### What to work on
Please write the listing below out again exactly, leaving every picture behind.

### Data block

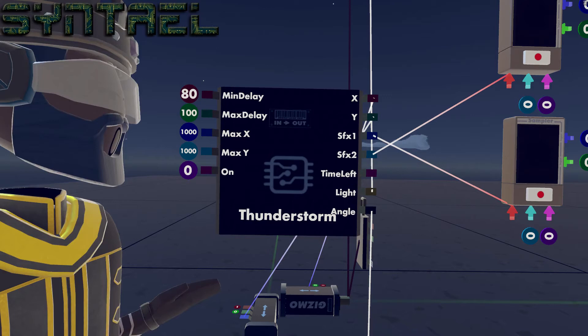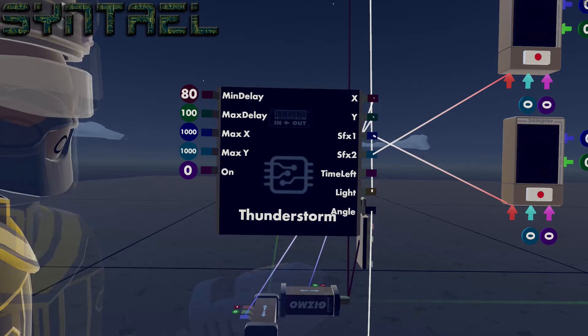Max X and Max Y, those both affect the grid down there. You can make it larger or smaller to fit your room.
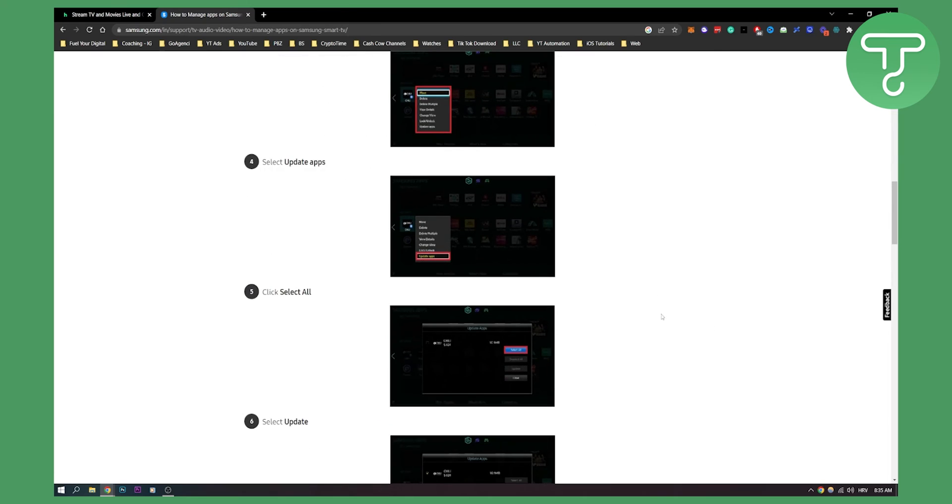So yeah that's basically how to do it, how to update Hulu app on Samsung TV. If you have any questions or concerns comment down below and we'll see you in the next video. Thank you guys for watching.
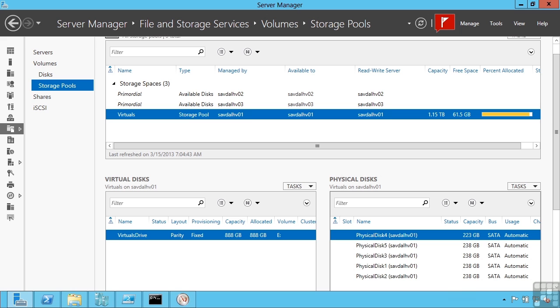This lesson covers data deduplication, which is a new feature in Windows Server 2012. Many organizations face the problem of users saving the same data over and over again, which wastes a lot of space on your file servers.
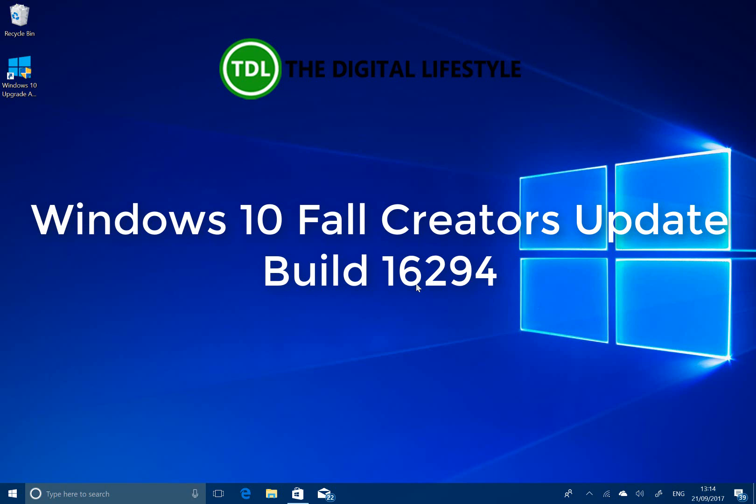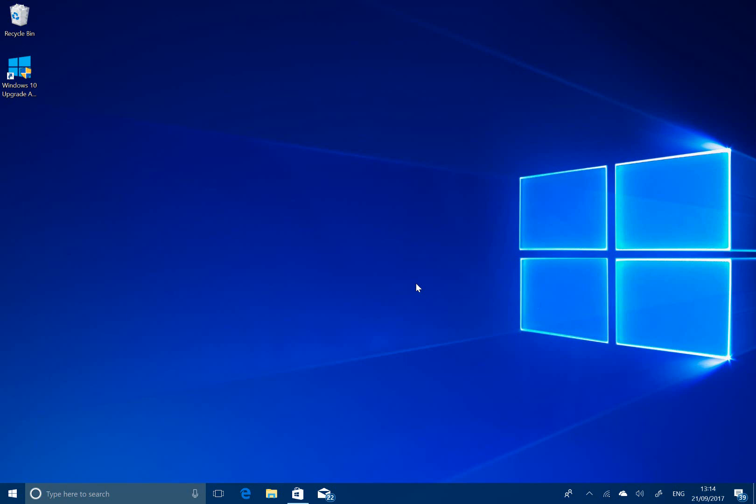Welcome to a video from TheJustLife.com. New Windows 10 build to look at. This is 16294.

### Written solution
Max X and Max Y, those both affect the grid down there. You can make it larger or smaller to fit your room.
So yeah that's basically how to do it, how to update Hulu app on Samsung TV. If you have any questions or concerns comment down below and we'll see you in the next video. Thank you guys for watching.
This lesson covers data deduplication, which is a new feature in Windows Server 2012. Many organizations face the problem of users saving the same data over and over again, which wastes a lot of space on your file servers.
Welcome to a video from TheJustLife.com. New Windows 10 build to look at. This is 16294.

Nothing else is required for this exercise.